■ **Description of the task**
Below are entries; copy exactly, and only, the lines from the one containing "Muscular Male Physique" through their final line, leaving out pictures.
= Beginning of Section =
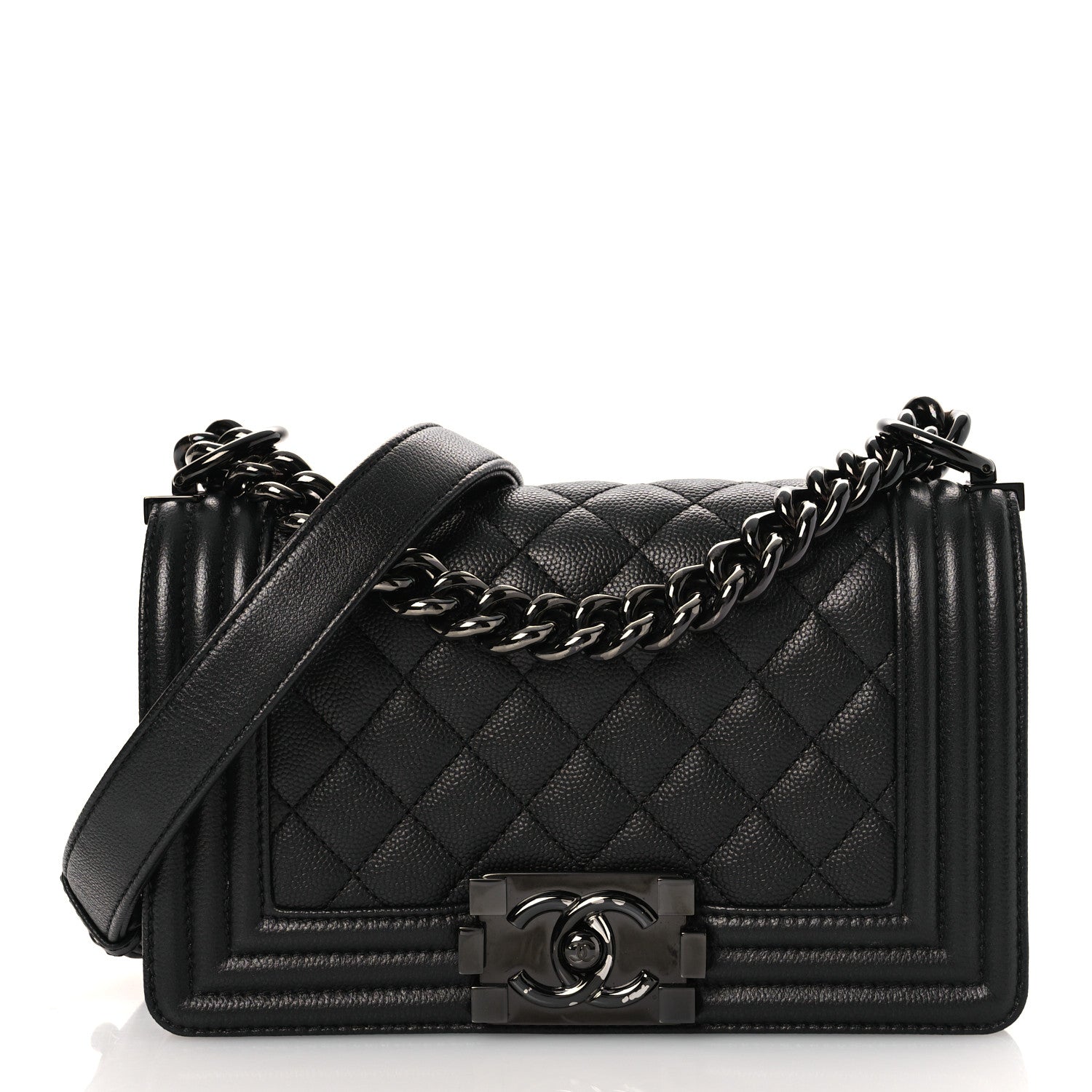Caviar Quilted Small Boy Flap So Black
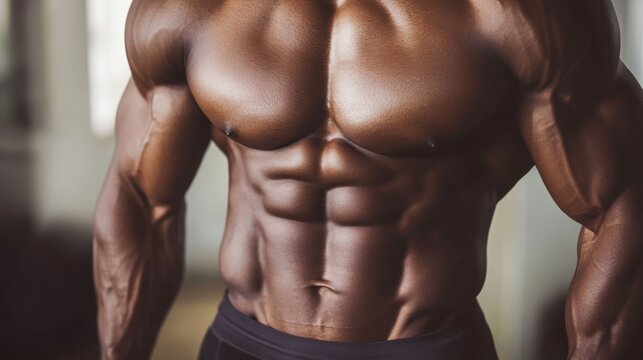 Muscular Male Physique with Toned Abs and Chest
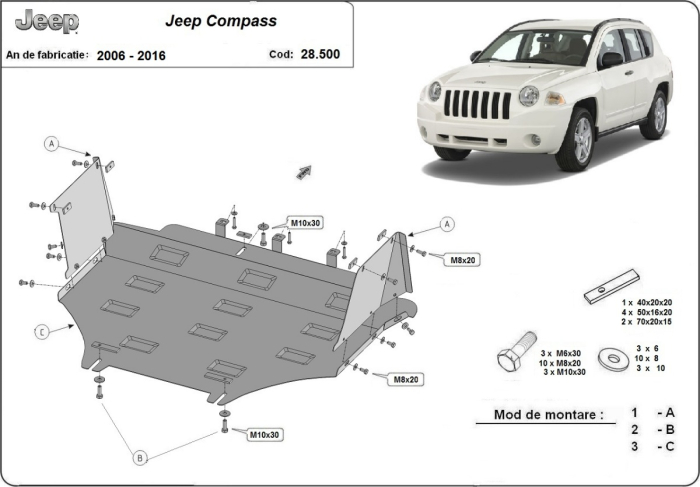 Scut motor Jeep Compass 2006-2016 - Oțel 2 mm [3]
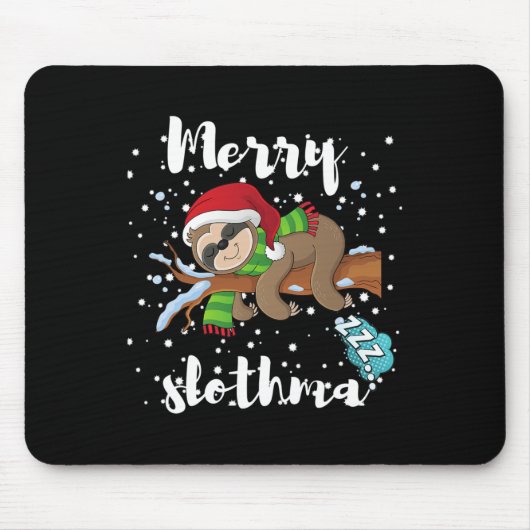 Tapis De Souris Joyeux Slothmas Lazy Sloth Lover Noël Fa (Devant)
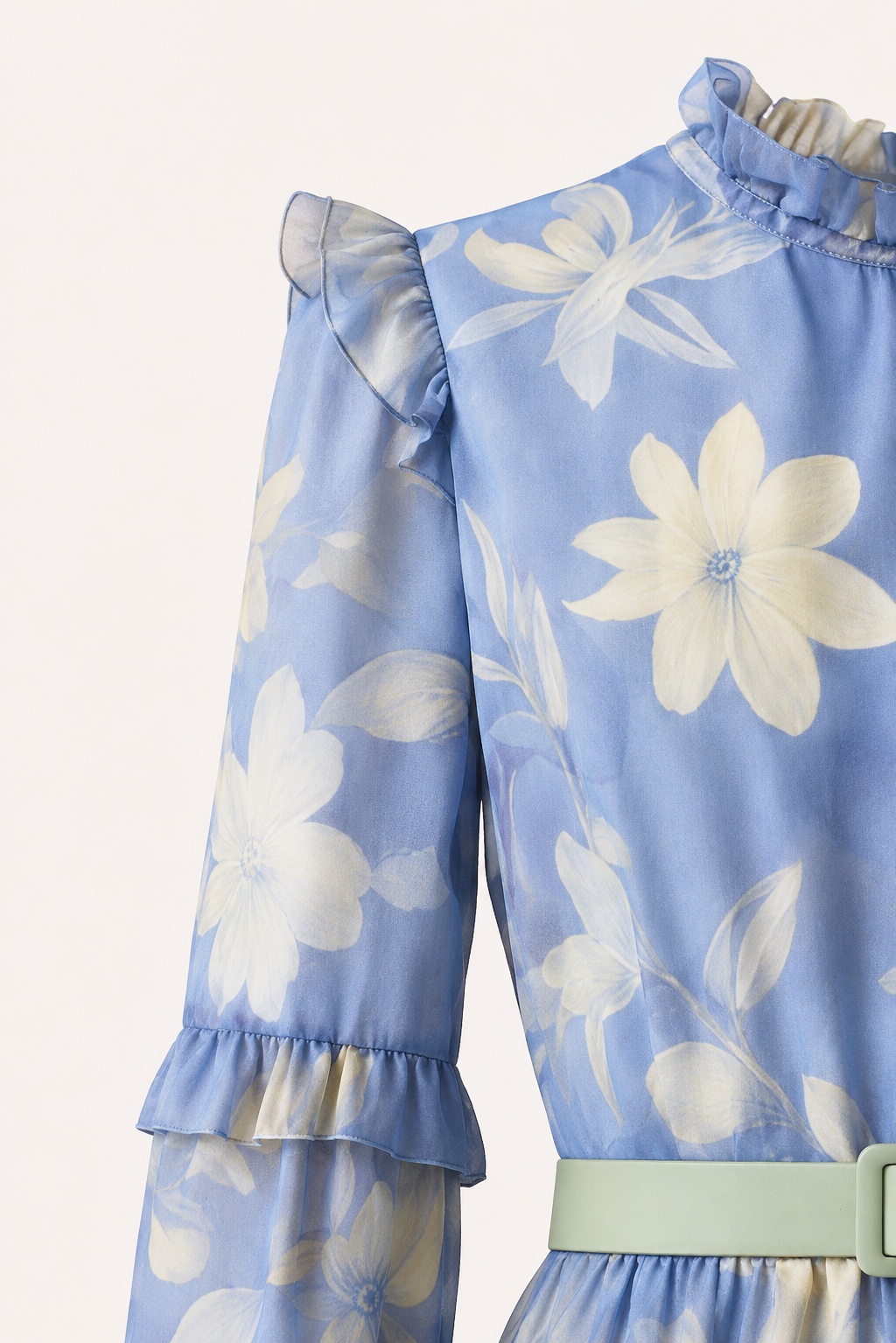Amara Ruffle Print Kaftan Maxi Dress in Blue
= End of Section =
■ **Written answer**
 Muscular Male Physique with Toned Abs and Chest
 Scut motor Jeep Compass 2006-2016 - Oțel 2 mm [3]
 Tapis De Souris Joyeux Slothmas Lazy Sloth Lover Noël Fa (Devant)
Amara Ruffle Print Kaftan Maxi Dress in Blue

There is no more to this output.